Screening of the MTM1 gene should be considered in females with suggestive clinical and histopathological features; although usually asymptomatic or only mildly affected, carriers may manifest severe symptoms in the presence of skewed X-inactivation and/or structural alterations involving the X-chromosome such as interstitial deletions [34-40].

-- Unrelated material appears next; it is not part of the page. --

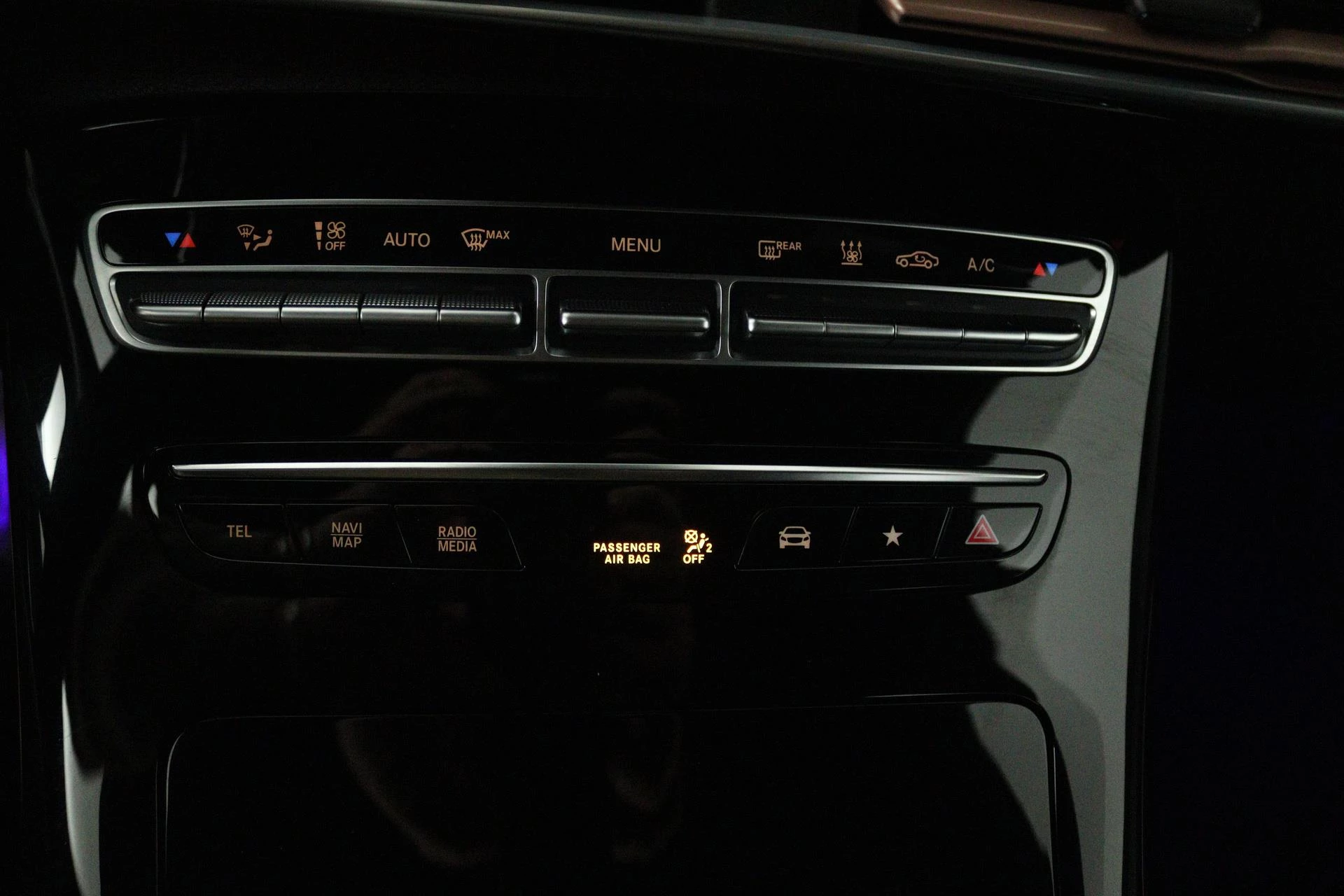 Hoofdafbeelding Mercedes-Benz EQC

Myotubularin belongs to the large family of dual-specificity phosphatases, playing a role in the epigenetic regulation of signalling pathways involved in growth and differentiation; mutations in some human myotubularin homologues have been associated with two specific forms of peripheral neuropathies of the Charcot-Marie-Tooth (CMT) type, CMT 4B1 [111,112] and CMT 4B2 [113,114]. A specific function has been proposed for myotubularin in dephosphorylating phosphatidylinositol 3-phosphate [PtdIns3P] and PtdIns(3,5)P. These two phospholipids are second messengers with a crucial role in membrane trafficking; by dephosphorylation of PtdIns(3,5)P2, myotubularin also produces PtdIns5P, whose function is not fully characterised [95,115-126]. In addition to the catalytic site, myotubularins form homo- and heterodimers and contain lipid and protein binding sites; these domains include a GRAM-PH, a coiled-coil region and a putative PDZ binding site. Concerning myotubularin, no protein interactors have been characterised to date in skeletal muscle. The deleterious effect of specific MTM1 mutations may be due to either destabilisation of the 3-D structure or loss of enzymatic activity, although it is possible that a few mutations affect existing but not yet identified protein-protein interactions in muscle.

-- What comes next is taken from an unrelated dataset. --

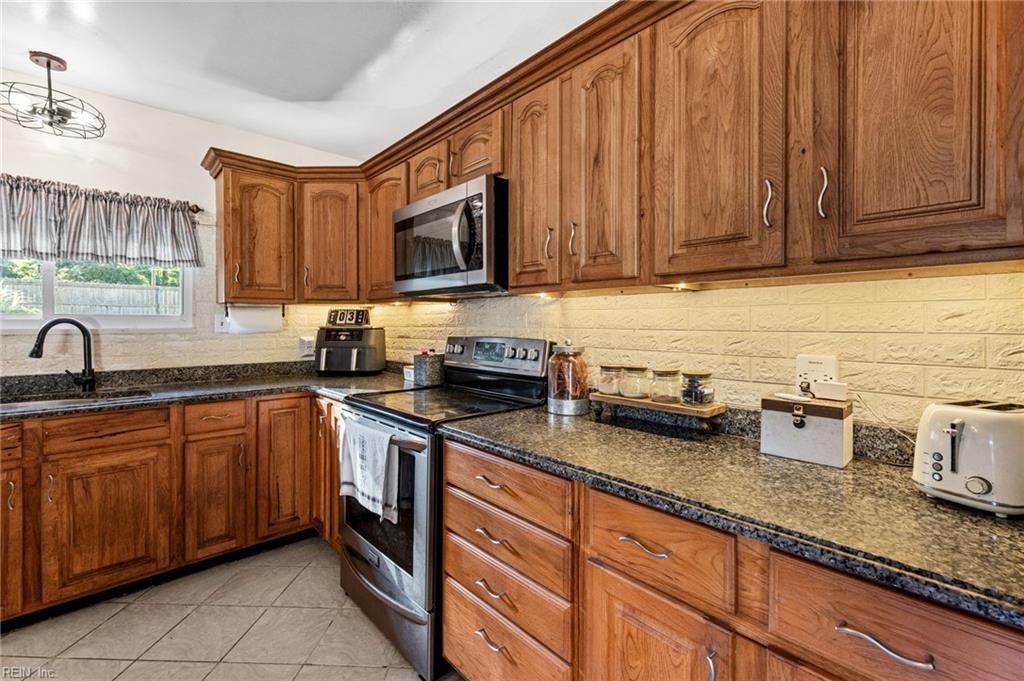 406 Grafton District Road Yorktown VA 23692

Observations in an MTM1-related mouse model [127] suggest a role of myotubularin in muscle fibre maintenance but not in myogenesis. A recent gene expression profiling study in muscle harbouring MTM1 mutations revealed upregulation of transcripts for cytoskeletal and extracellular matrix proteins within or around atrophic myofibres, indicating that remodelling of cytoskeletal and extracellular architecture plays a role in the atrophy and intracellular disorganization observed in X-linked myotubular myopathy [128]. Prolonged expression but eventual decrease of developmentally regulated proteins in muscle from affected infants (see also paragraph on Diagnostic methods below) suggests maturational delay rather than complete developmental arrest in this condition.

Dominant forms of centronuclear myopathy have been associated with mutations in two genes, the dynamin 2 (DNM2) gene on chromosome 19p13.2 [76] also implicated in dominant intermediate (CMTDIB) [80] and axonal (CMT2) [129,130] forms of Charcot-Marie-Tooth disease, and the skeletal muscle ryanodine receptor (RYR1) gene on chromosome 19q13.1 in one isolated case [82].

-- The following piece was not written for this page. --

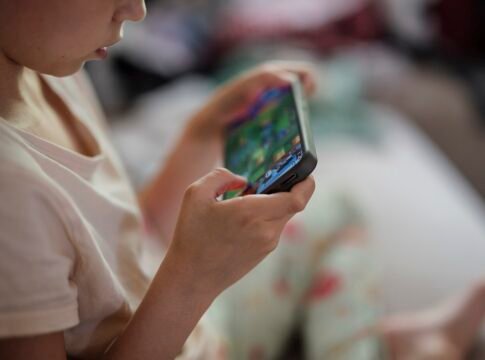 China Proposes Mandatory ‘Minor Mode’ for Under-16s, With Face Checks Among Age-Verification Tools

The DNM2 gene consists of 22 exons [80] and encodes a large GTPase protein involved in actin cytoskeleton assembly [131] and centrosome cohesion [132]. In addition, DNM2 is implicated in membrane trafficking from the plasma membrane and Golgi, to allow the formation and fission of budding vesicles [133]. It is of interest to note that myotubularin, implicated in the X-linked form of CNM, has also been implicated in membrane trafficking and endocytosis, although its precise function remains to be determined. Recent studies on cells transfected with CNM-related DNM2 mutants suggest lack of localisation to the centrosome and centrosome malfunction as a possible pathogenetic mechanism in DNM2-related CNM. However, the impacts of mutations on allosteric enzymatic activity and membrane remodelling properties of dynamin 2 remain to be investigated. Recurrent and de novo DNM2 mutations were originally identified following a positional candidate approach in 11 families with a mild form of autosomal-dominant centronuclear myopathy [76]. The most common mutation is a 1393C>T change found in 6 unrelated families resulting in an arginine to tryptophane substitution at position 465. Dynamins are structurally complex proteins composed of 5 different domains; CNM-causing mutations identified to date mainly localise to the middle domain involved in protein self assembly and centrosome localisation [76], whereas those associated with CMTDIB have been identified within the pleckstrin homology (PH) domain [80]. More recently, heterozygous de novo dominant DNM2 mutations affecting the PH domain have also been identified in a more severe CNM phenotype without any early peripheral nerve involvement and characterised by neonatal onset but gradual improvement over time [81]. The potential overlap between myogenic and neurogenic findings in families with mutations in this region is currently being explored [77,79].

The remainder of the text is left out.